::: Exercise material :::
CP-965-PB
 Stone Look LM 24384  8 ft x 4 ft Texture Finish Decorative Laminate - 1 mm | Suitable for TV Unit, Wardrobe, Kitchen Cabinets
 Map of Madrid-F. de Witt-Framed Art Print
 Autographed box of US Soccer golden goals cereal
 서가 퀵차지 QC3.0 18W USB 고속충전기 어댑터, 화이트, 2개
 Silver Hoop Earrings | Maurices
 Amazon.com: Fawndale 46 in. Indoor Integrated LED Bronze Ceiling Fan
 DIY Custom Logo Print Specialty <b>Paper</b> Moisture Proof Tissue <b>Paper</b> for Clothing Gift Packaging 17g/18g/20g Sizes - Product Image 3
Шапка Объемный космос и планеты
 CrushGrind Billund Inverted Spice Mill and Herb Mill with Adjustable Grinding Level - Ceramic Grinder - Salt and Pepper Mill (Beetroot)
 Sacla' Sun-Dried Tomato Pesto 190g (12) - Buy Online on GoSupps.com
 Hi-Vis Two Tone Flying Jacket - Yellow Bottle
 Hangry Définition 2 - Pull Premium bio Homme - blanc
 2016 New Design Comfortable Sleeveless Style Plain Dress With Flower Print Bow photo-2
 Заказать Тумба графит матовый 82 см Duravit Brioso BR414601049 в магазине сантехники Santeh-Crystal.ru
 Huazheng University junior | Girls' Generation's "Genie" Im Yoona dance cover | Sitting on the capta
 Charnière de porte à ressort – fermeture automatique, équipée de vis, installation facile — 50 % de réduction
:::
**Task requirements:** Whenever a line of the data above includes the word "Print", copy that line.

**Written response:**
 Map of Madrid-F. de Witt-Framed Art Print
 DIY Custom Logo Print Specialty <b>Paper</b> Moisture Proof Tissue <b>Paper</b> for Clothing Gift Packaging 17g/18g/20g Sizes - Product Image 3
 2016 New Design Comfortable Sleeveless Style Plain Dress With Flower Print Bow photo-2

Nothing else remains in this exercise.